Eugenia Costantini è un’attrice straordinaria perché unisce un’innata istintività al bisogno di punti fermi, di elementi razionali su cui sviluppare il personaggio. Entro certi limiti sono gli stessi processi mentali del suo personaggio: una donna incastrata, divisa tra una sua parte razionale che cerca di elaborare il trauma che la corrode e quella istintiva che continua a ripresentarsi sotto forma di ossessione, quasi fosse lei la prima ad imporsi di non dimenticare, senza ricordare pienamente, allo stesso tempo, ciò che l’ha devastata. Indubbiamente Eugenia ha fatto pulsare il cuore del film.
Mentre di Ekaterina Buscemi?
Ekaterina Buscemi è dotata di una forza espressiva notevole e di conseguenza ne è uscito un personaggio intenso, a tratti vibrante. Interpreta uno sdoppiamento di Eugenia che vaga in una dimensione che rappresenta l’Ade, quel non luogo dove dovrebbe riposare il trauma, il peso che grava sulla coscienza della protagonista, ma che invece continua a vivere come un fantasma.
Nel film c’è anche la partecipazione di Maria Grazia Cucinotta, cosa ci puoi raccontare?
Da ragazzina rimasi abbagliata da “Il Postino” e la presenza di Maria Grazia Cucinotta nel mio primo film ha per me un significato profondo. Lei interpreta una delle tre parche, coloro che, stando alla mitologia, stabilivano il destino degli esseri umani. Mi ha colpita che abbia subito accettato di partecipare al film, tra l’altro dando la sua disponibilità in un periodo molto difficile, in pieno covid.
Lo definiresti un film al femminile?
Credo che sia un film al femminile “per forza di cose”. Questo viaggio nel subconscio della protagonista è come se desse vita a tutte le altre versioni di sé stessa. In un certo senso tutte le donne che si incrociano sono la stessa donna: gli stessi incontri con le parche o con il fantasma della figlia sono “mostri” irreali, creati dalla sua coscienza.
Tu vieni dal cortometraggio, ricordiamo il pluripremiato “Banksy“, come è stato il passaggio al lungometraggio?

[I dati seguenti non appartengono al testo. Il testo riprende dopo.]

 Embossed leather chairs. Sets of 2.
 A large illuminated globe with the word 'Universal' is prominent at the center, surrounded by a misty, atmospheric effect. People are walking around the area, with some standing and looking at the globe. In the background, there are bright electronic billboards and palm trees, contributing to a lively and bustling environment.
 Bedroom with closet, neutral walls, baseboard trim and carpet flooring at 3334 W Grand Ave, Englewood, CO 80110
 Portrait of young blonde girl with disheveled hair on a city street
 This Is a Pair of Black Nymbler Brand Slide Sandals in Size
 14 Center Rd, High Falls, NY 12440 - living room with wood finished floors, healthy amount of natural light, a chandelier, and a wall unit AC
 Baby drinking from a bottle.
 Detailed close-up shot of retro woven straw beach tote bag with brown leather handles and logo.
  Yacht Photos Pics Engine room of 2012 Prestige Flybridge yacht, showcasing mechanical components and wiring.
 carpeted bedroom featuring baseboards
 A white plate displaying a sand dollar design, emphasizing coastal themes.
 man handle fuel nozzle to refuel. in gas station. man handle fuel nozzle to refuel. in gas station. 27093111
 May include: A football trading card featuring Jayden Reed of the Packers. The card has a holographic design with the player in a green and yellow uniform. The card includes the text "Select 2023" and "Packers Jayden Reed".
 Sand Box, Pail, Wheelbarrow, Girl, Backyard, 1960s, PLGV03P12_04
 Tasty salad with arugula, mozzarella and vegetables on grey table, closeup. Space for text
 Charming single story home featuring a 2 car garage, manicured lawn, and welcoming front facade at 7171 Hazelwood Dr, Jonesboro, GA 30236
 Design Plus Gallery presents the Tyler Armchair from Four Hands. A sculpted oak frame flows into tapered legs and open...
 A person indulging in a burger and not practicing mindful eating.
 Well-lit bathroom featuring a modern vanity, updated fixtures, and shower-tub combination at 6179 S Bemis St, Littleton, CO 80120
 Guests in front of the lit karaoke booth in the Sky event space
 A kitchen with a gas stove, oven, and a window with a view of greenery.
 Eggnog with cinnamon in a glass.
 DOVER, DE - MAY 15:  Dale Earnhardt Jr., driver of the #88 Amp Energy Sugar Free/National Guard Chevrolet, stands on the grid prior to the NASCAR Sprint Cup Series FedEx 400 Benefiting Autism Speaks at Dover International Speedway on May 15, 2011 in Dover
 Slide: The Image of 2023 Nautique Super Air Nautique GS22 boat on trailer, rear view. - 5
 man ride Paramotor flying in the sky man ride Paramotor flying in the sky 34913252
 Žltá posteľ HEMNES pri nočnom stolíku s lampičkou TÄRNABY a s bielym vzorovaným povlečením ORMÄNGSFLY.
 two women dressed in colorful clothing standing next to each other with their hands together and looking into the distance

Indubbiamente un lungometraggio richiede un dispendio di energie nettamente superiore. Devo però ammettere che la possibilità di realizzare un film così nelle mie corde mi ha permesso di muovermi su un terreno che è stato un po’ come una estensione di un percorso già esplorato durante gli anni del cortometraggio.
Come regista e autrice, allo stato attuale, si sente l’ingerenza del politicamente corretto?
Credo che il politicamente corretto sia una regola (non scritta) e imposta a coloro che scelgono di intraprendere un cammino commerciale, ossia un sentiero che non mi riguarda e nemmeno mi interessa. Quando si arriva al cospetto del classico bivio c’è sempre un prezzo da pagare: io ho deciso di fare solo ciò sento vicino e se non esiste nessuno disposto a credere nelle mie storie preferisco non fare nulla.
Ti dividi tra l’Italia e gli Stati Uniti, dove ti senti più a casa tua? Anche professionalmente…
In Italia mi sento a casa quando sono dentro alle mura domestiche. A Los Angeles mi sento veramente a casa quando passeggio sulle colline dell’osservatorio Griffith, in quei punti che permettono una vista sulla città. Professionalmente parlando ho diversi punti di riferimento, sia in Italia che negli Stati Uniti. Purtroppo, sono molto categorica, mi devo ripetere, professionalmente tutto parte da dentro di me, è più un problema dei miei collaboratori sentirsi a casa con me.
Stai già pensando ad un prossimo lavoro?
Ho già un secondo film, pure questo molto personale anche se decisamente più narrativo. In realtà ce ne sarebbe anche un terzo. Dal 2018 ad oggi sono successe talmente tante cose che è come mi fossero passati addosso dieci anni. Non so, sembrano esserci i presupposti perché il secondo possa andare in porto, a volte mi chiedo se è veramente quello che voglio dalla vita.